THE YES
- Industry: Fashion, retail
- Founded: 2018; 8 years ago
- Founders: Julie Bornstein; Amit Aggarwal;
- Headquarters: San Francisco; New York City, United States
- Owner: Pinterest, Inc. (2022-present);
- Website: https://www.theyes.com

= The Yes =

Women's Retail Fashion Platform

THE YES is a retail app and platform that focuses on women's fashion and clothing. Its algorithms analyze user data in order to optimize product personalization. THE YES has headquarters in New York City and Silicon Valley, California.

On June 10, 2022, THE YES was acquired by Pinterest, Inc.

==History==
THE YES was founded in 2018 by former Stitch Fix COO Julie Bornstein and Amit Aggarwal, formerly of Bloomreach. The app began development in 2018 and was released in May 2020.

At launch, THE YES was the first app to use Apple's App Clips in iOS 14.

Although THE YES originally started out as an app, in 2021 the company also launched the same functionality on their website.

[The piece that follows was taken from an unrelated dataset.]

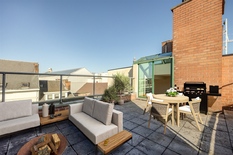 ANTWERPEN - Tussen Hopland en Meir: Dakappartement met maar liefst 30m² aan zonneterrassen, op topligging.
 
Dit appartement bevindt zich in het centrum van de stad, tussen de Meir en Hopland, in het meest bruisende gedeelte van het Antwerpse stadscent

In 2025, cofounder Julie Bornstein launched Daydream, an AI-powered fashion shopping platform.

==Description==
The Yes uses AI technology to curate a feed of fashion product recommendations based on a user's individual preferences. Upon downloading the app, users will be asked a series of questions to determine their aesthetic preferences. These include questions about preferred brands, colors, styles, and sizes. Users can also vote "yes" or "no" to signify whether they like a product being shown. The platform's algorithms tailor recommendations based on this information.

In 2021, The Yes started allowing users to invite friends to view their liked items and provide feedback via emojis.

The Yes has more than 250 brands, 40 of which are plus-size. The Yes has brands such as Prada, Ralph Lauren, Levi's, Bottega Veneta, and Zara.

The Yes offers price matching and price filtering, but does not use traditional shopping filters.